FAIR data interactions and digital twins
Mark Wharton, IOTICS’ co-founder & inventor, looks at how the ‘if’ statement could change the world
In plays and films, books and music there is often a key moment where everything in the story comes together. Software and data engineers know these moments, when after days of work you get everything together, your code and your data, so you can finally write and run the ‘if’ statement. An “if” statement such as – if river.level > X and rainfall.forecast > Y, and then….
When it comes to rainfall and rivers, the ‘then’ part could involve millions of pounds of damage, weeks of transport disruption and possible loss of life.
The ‘if’ statement is a kind of data interaction. A computer algorithm brings two pieces of data together so they can be compared, and some insight gained. But what those pieces of data are and how they get to the “if” statement is more complex than you might think.
There’s no search engine for data: not publicly and rarely within enterprises. There are attempts at searchability such as data.gov.uk, but they are intended for people, not algorithms. It’s said that data scientists spend at least 50% of their time looking for data rather than looking at data. This epic waste of time is because data is hidden, deliberately or unintentionally, in silos, in datasets, behind APIs or in program-unfriendly formats, such as PDF. This is not findable by machines, but what if it was?
The challenges of access and interoperability are, invariably, linked.
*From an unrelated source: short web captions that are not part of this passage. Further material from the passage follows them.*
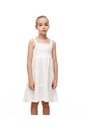 Vestido Corto Capas Algodón Blanco Niña Blanco de Gef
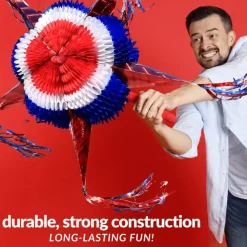 Red, White, and Blue Patriotic Piñata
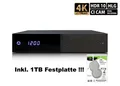 AB-Com Pulse 4K TWIN 2 x DVB-S2X Tuner UHD Sat Receiver Inkl. 1TB Festplatte E2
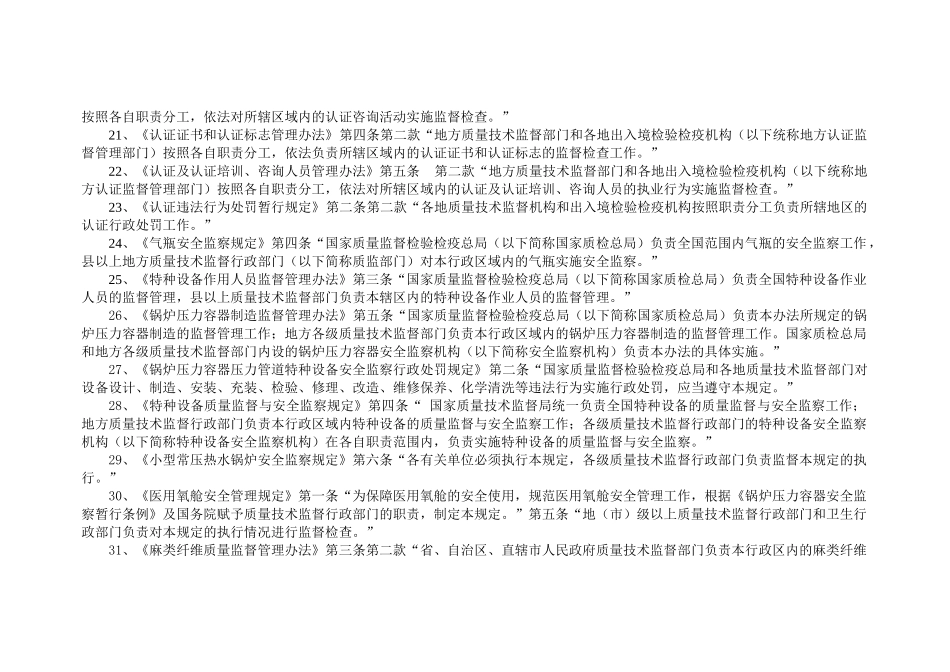 茂名市质量技术监督局行政执法职权界定结果_第3页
A computer may be able to find some data, but can’t understand it. To interoperate with data, it would help if the data had some metadata – indicating that the river level was measured in metres, or that rainfall was measured in millimetres, for example. We now able to Find, Access and Interoperate and the data interaction in the “if” statement is Re-using that data for a new purpose.
These four aspects are the building blocks of the FAIR data principles, conceived by a consortium of leading scientists and organisations to ensure that scientific data sets could be found and used by machines, with minimal human intervention. FAIR stands for Findable, Accessible, Interoperable and Reusable – and it’s going mainstream.
In a FAIR world, computers can find and understand data, but we still can’t program them with that “if” statement when the data is in large datasets. In our flooding scenario, what our algorithm also needs is the river level at a specific location and the rainfall forecast at a different location, probably well upstream from the place where the flood is likely to occur. So, even if our algorithm can find the right dataset, it still needs to know how to run a query against the dataset to find the data it wants.
The granularity of the data is important – channelling the right data at the right time from source to consumer. That’s where digital twins come in. Digital twins are a virtualisation of an asset’s data. The asset itself is a useful level of granularity here. An algorithm needs to choose the appropriate rainfall forecasts and required river levels. Metadata about the assets beyond their location provides essential context. Knowing who operated the asset, who maintained it, would help the algorithm to assign weight to the readings if some operators’ data proved more reliable and accurate than others. Having provenance of the data as actually coming from that twin and the twin really being the one operated by the Environment Agency, for example, builds trust in the output of the algorithm. The exchange of metadata between twins to establish trust and access is our second data interaction.
The final step to get to the ‘if’ statements that can change the world is timeliness. Homeowners won’t appreciate being told on Wednesday that a flood would occur on Tuesday when their houses are already knee-deep in muddy water. The data needs to flow between the twins and the algorithm as close to real time as possible so that the predictions are available in a timely way. This is not just important in our flooding scenario; it’s important in business, where latency between something happening and the business reacting to it can, and frequently does, cost millions.
We have reached a point where we have an algorithm running, exchanging data with digital twins. But what does the algorithm do in the ‘then’ part of the ‘if’ equation? Create a warning on a dashboard? Update a database? Send an email? What if it could share the data back with other digital twins, or create new twins of the likely flood locations and have them share into a growing ecosystem of cooperative twins?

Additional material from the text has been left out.